:: Provided data

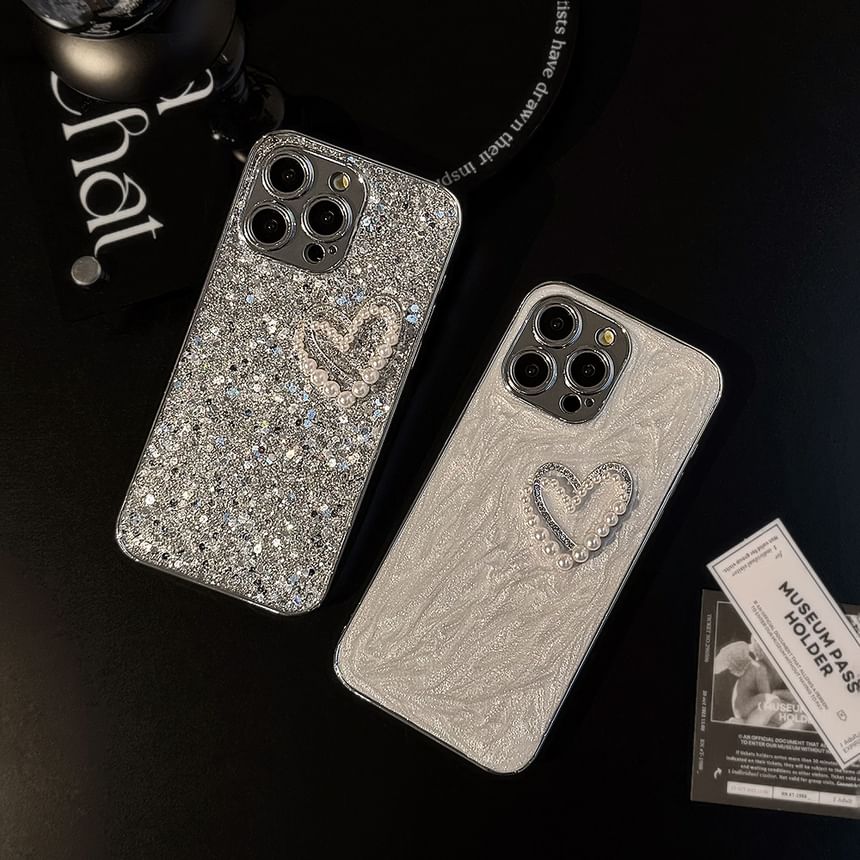 Pearl Phone Faux Heart Case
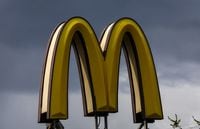 A sign with the logo is on display outside a McDonald's restaurant in Moscow, Russia May 16, 2022. REUTERS/Evgenia Novozhenina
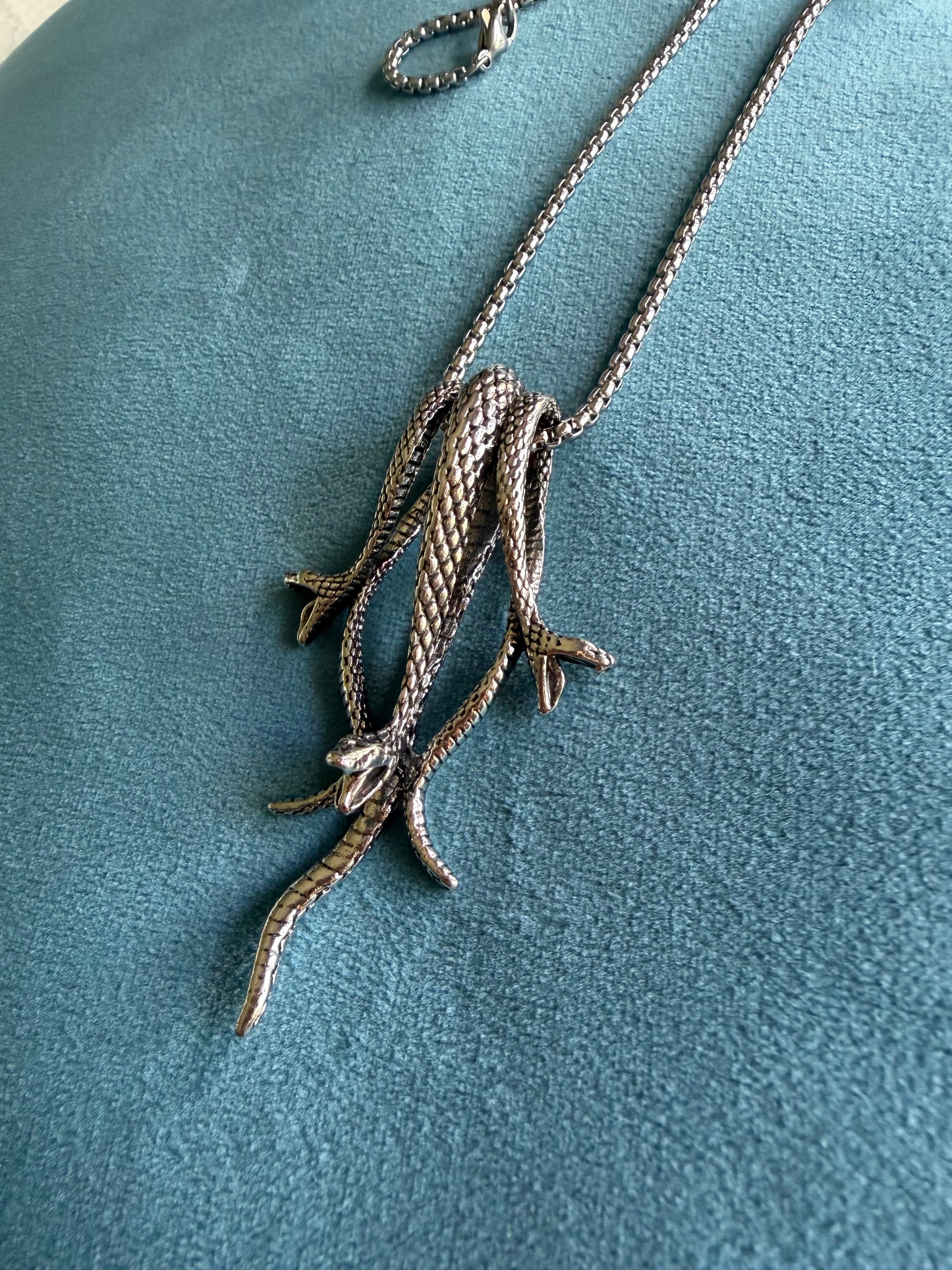Triple Serpent Pendant, Stainless Steel Snake Necklace on 22" Chain, Transformation and Rebirth Talisman | The Moonlit Hollow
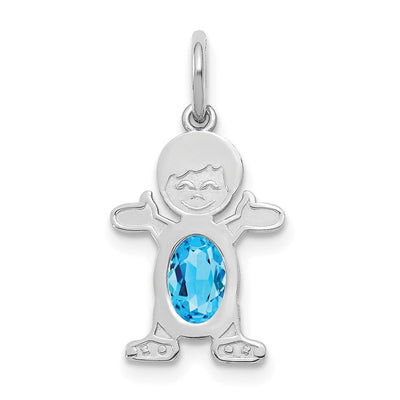 14K white gold blue topaz oval pendants & charm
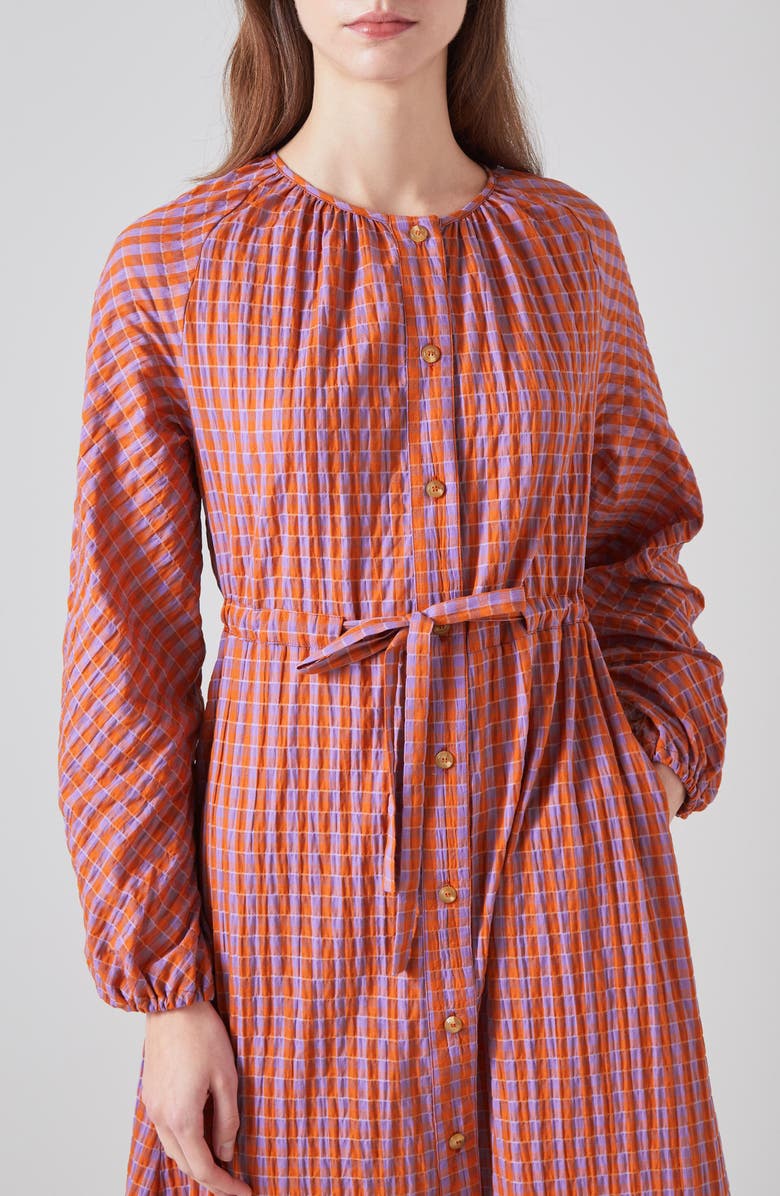 LK Bennett Sophie Check Tie Waist Long Sleeve Midi Dress, Alternate, color, 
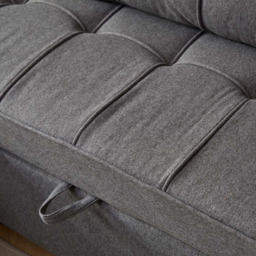 Furniture Online Hudson 3 Seater Grey Linen Sofa Bed with Cupholders - Wilko - thumbnail 7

::::

- [Problem statement]:
Would you copy the records word for word, without any of their pictures?

- [Expected answer]:
 Pearl Phone Faux Heart Case
 A sign with the logo is on display outside a McDonald's restaurant in Moscow, Russia May 16, 2022. REUTERS/Evgenia Novozhenina
Triple Serpent Pendant, Stainless Steel Snake Necklace on 22" Chain, Transformation and Rebirth Talisman | The Moonlit Hollow
 14K white gold blue topaz oval pendants & charm
 LK Bennett Sophie Check Tie Waist Long Sleeve Midi Dress, Alternate, color, 
 Furniture Online Hudson 3 Seater Grey Linen Sofa Bed with Cupholders - Wilko - thumbnail 7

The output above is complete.